RNN Foundations
What is an RNN? How does NLP work?
from fastai.text.all import *
Credit Where Credit is Due
The concept and techniques covered in this post are covered in much greater detail in Jeremy Howard and Sylvain Gugger's book. If you like this post, you should buy the book as you'll probably like it even more!
https://www.amazon.com/gp/product/1492045527/ref=ppx_yo_dt_b_asin_image_o08_s00?ie=UTF8&psc=1|
path = untar_data(URLs.HUMAN_NUMBERS)
lines = L()
with open(path/"train.txt") as f: lines += L(*f.readlines())
with open(path/"valid.txt") as f: lines += L(*f.readlines())
lines
Tokenization
What is Tokenization? Tokenization is about getting 'tokens' of language that have meaning. A word could be a token as it has meaning. A piece of punctuation could be a token as it has meaning. If a work is in all capital letters that could be a token. A portion of a word could be a token (ie dis) because a word beginning with dis has meaning. There are many many ways to tokenize, for this post I will use the most simple approach. That is, I will split based on spaces to make each word a token.
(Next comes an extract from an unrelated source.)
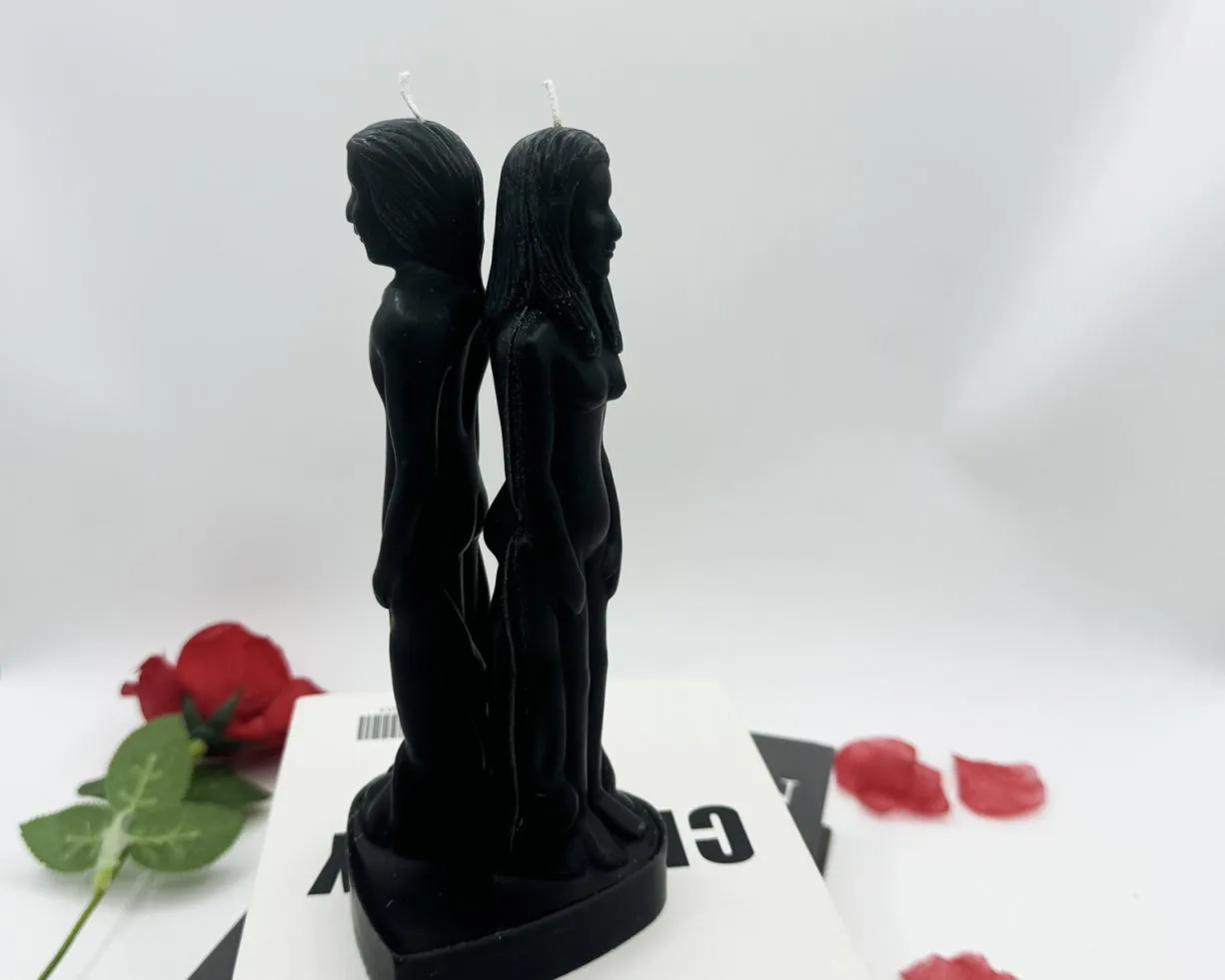 Unique Body-Shaped Candles for Artistic Appeal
txt = ' . '.join([l.strip() for l in lines])
tokens = L(*txt.split(' ')); tokens
Numericalization
Now that things are split into tokens, we need to start thinking about how to feed it to a Neural Network. Neural Networks rely on multiplication and addition, and we can't do that with a word. Somehow we need to convert these tokens to numbers. That is what Numericalization is all about. We will do this in a few steps:
- Get a unique list of all tokens (v)
- Assign a number to each of token (vocab)
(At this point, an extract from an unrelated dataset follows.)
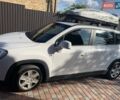 Білий Шевроле Орландо, об'ємом двигуна 2 л та пробігом 215 тис. км за 8800 $, фото 6 на Automoto.ua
- Replace tokens with numbers (nums)
v = tokens.unique()
# Assign a number to each of token (vocab)
vocab = {v:i for i,v in enumerate(v)};
# We can lookup the number associated with a token like this
vocab['fifty']
nums = L(vocab[tok] for tok in tokens); nums
Sequence Definition
Now that we have tokens in the form of numbers, we need to create out inputs and outputs to the model. For this we need to organize our data into dependent and independent variables. Let's use the preceding 3 words to predict the next word. Below, we see the same thing in 2 ways - one with tokens and one with numbers. These are the same thing, just translating the tokens to numbers using the vocab above.
sl = 3
# For example, we will use the tokens 'one','.', and 'two' to predict '.'
L((tokens[i:i+sl], tokens[i+sl]) for i in range(0,len(tokens)-sl-1,sl))
seqs = L((tensor(nums[i:i+sl]), nums[i+sl]) for i in range(0,len(nums)-sl-1,sl)); seqs
bs = 128
cut = int(len(seqs) * 0.8)
dls = DataLoaders.from_dsets(seqs[:cut],seqs[cut:],bs=bs, shuffle=False)
dls2 = DataLoader(seqs[:cut],bs=bs, shuffle=False)
dls3 = DataLoader(seqs[cut:],bs=bs, shuffle=False)
dls4 = DataLoaders(dls3,dls3)
n,counts = 0,torch.zeros(len(vocab))
for x,y in dls.valid:
n += y.shape[0]
for i in range_of(vocab): counts[i] += (y==i).long().sum()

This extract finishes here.